Töre Erdoğan'ı kutladı: Güçlü Türkiye demek, güçlü KKTC demektir

Töre Erdoğan’ı kutladı: Kuvvetli Türkiye demek, kuvvetli KKTC anlama gelir

-Bu kitapların okutulmaması gerekir. Sizin çocuklarımıza verdiğiniz kıymet budur. 

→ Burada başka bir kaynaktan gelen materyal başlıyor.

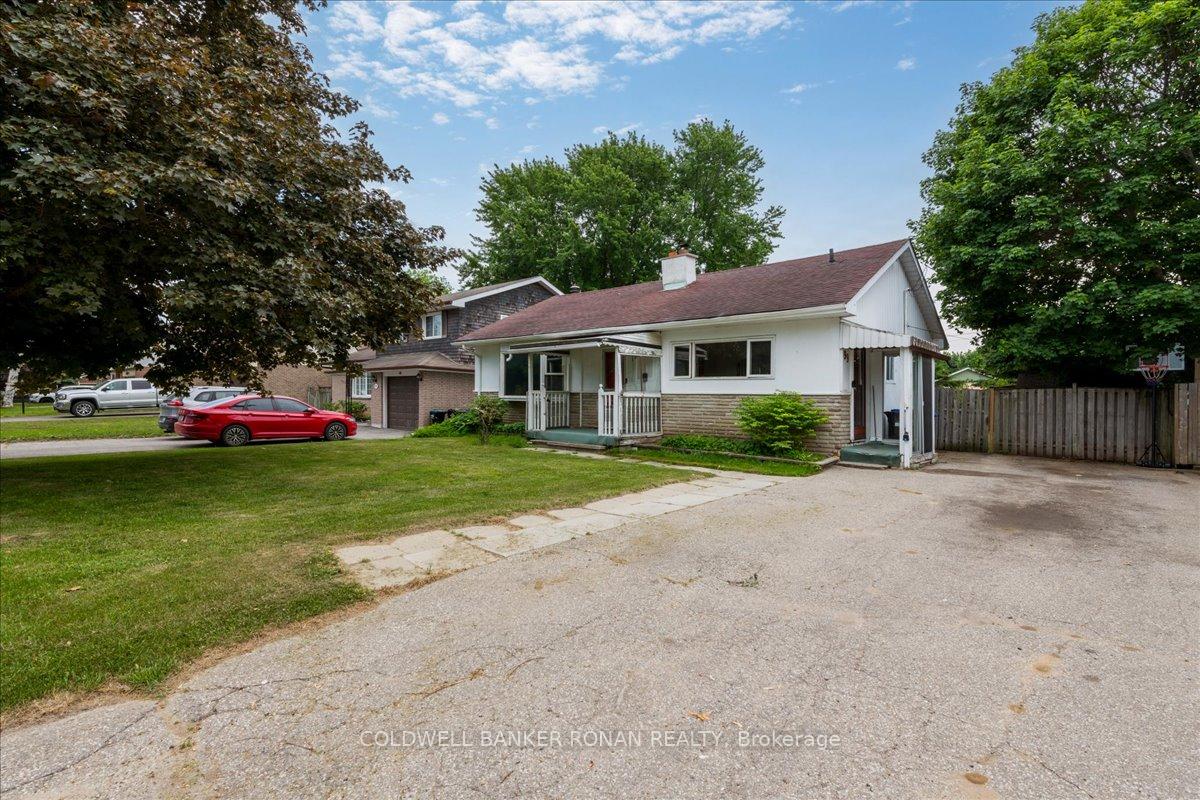 199 Tupper Street W, New Tecumseth, ON L9R 1B6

-Evlatlarımızın, gençlerimizin gelecek planları içinde bu ülkede kalmamak var. Siz bilincinde mısınız? Öykü değil bunlar, sokağın sesi. 

-Bu ülkede utanılacak ne var ise yapmış olup da insanları bunun önüne marifetmiş şeklinde sunmayın.